有些观察家察觉出了腓力对城邦自治权及其政治体制所形成的威胁。雅典政治家和演说家狄摩西尼(Demosthenes,公元前384年至公元前322年)曾警告大家不要对那位北方国王采取任何缓和局势的行为,而且还主张应当抵抗北方“蛮夷”,哪怕这意味着要与东方的“蛮夷”——波斯结成同盟。在狄摩西尼看来,“自我感觉太良好”、“居安不思危”的心理状态才是公民同胞们面临的最大威胁。

大伙暂且想象一下,当这个朝廷建立起来之时,你们每个人都会归家,或急切或悠闲,心情想必并不沉重,不会左顾右盼,也不关心会遇上朋友还是敌人,巨人还是矮子,强者还是弱者,毫不顾虑任何类型的邂逅。
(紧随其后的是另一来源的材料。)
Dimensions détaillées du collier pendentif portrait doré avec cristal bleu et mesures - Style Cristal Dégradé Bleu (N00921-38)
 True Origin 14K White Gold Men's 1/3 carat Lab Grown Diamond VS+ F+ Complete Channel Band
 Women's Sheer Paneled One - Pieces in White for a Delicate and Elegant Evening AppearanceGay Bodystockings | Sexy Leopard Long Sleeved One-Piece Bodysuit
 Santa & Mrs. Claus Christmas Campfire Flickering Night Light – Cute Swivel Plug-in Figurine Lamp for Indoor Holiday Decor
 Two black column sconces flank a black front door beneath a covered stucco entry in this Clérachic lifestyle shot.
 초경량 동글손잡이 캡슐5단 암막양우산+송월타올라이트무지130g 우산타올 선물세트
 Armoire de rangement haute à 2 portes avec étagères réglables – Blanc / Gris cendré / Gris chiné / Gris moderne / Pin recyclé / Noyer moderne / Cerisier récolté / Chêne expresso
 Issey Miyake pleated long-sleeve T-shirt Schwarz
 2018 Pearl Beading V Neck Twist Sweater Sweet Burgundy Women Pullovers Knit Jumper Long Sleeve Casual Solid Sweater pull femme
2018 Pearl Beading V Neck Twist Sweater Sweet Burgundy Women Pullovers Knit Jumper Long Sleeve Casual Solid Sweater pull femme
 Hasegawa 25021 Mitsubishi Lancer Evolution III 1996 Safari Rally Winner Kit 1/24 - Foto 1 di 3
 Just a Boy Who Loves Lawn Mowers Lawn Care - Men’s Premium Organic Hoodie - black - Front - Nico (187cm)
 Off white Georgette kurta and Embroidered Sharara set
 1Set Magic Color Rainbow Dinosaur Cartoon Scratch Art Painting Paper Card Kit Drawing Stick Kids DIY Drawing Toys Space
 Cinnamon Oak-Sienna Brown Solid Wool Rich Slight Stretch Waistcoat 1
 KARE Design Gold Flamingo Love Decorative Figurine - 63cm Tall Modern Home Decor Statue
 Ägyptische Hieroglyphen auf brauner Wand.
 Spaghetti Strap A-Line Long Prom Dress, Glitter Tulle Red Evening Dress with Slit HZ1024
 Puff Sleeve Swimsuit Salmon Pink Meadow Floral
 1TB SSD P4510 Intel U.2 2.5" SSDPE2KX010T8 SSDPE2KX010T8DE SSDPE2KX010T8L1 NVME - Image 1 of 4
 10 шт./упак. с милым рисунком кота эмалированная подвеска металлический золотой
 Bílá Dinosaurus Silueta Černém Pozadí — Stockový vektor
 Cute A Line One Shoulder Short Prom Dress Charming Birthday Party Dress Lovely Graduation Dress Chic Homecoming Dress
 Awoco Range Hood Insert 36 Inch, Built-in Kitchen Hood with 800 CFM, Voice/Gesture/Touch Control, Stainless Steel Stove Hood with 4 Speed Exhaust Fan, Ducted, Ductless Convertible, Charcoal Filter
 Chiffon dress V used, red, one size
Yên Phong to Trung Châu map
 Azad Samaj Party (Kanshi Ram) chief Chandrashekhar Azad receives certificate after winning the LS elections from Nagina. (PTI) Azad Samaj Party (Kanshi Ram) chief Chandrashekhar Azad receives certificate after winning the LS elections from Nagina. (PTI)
为什么会这样呢?因为你们心里明白,而且因为信任国家而非常确信,统统认为没有人会抓捕、虐待或毒打自己。

狄摩西尼企图告诫雅典人他们所面临的危险,以最大胆直率的方式将腓力的威胁坦白道出。

亲爱的公民同胞们,你们首先要明白,腓力已经向我国宣战了,他已撕毁了和平协议。腓力敌视整个雅典及其领土,要与我们对抗到底——请允许我斗胆多说一句,他是在与雅典的诸神开战。(愿诸神将腓力从地球上抹去!)此时此刻他正在拼命策划反对的东西不是别物,正是我国的体制。腓力一心想要推翻它,除此之外世上再也没有什么东西令他如此关注了。

狄摩西尼耸人听闻的斥责说明他时刻关心腓力对雅典所构成的威胁,不过这种所作所为也凸显了他自己的孤陋寡闻,他跟那些同胞一样落伍。狄摩西尼和诋毁者们共有的问题是他们错误理解了雅典对腓力的重要性。雅典并非无足轻重的,它仍是希腊最强大的城邦之一,但已经与公元前5世纪的巅峰期相去甚远。作为一名雅典人,狄摩西尼根本无法想象他的城市居然不在腓力治国大略的核心范围之内。雅典正躺在过去的功劳簿上坐吃山空,其他所有人对此都心知肚明,唯独雅典人自己还蒙在鼓里。

腓力二世并不受城邦狭隘的思想观念及其僵化的意识形态所牵累,他完全能够持一种更广阔且灵活的世界观,而这种实用主义则意味着他愿意接受任何一种政府形式,只要它对马其顿有利就行。腓力也明白,极端的民主制使雅典再也无法当机立断地果断行事。雅典将领只担任十人小组中的一个,任期仅为一年,而且还很容易受到政治干预的影响。鉴于此事实,据说腓力曾有过这样的讽刺评价:“恭喜雅典人每年都能发掘出十个将军,我到现在才找到一个。”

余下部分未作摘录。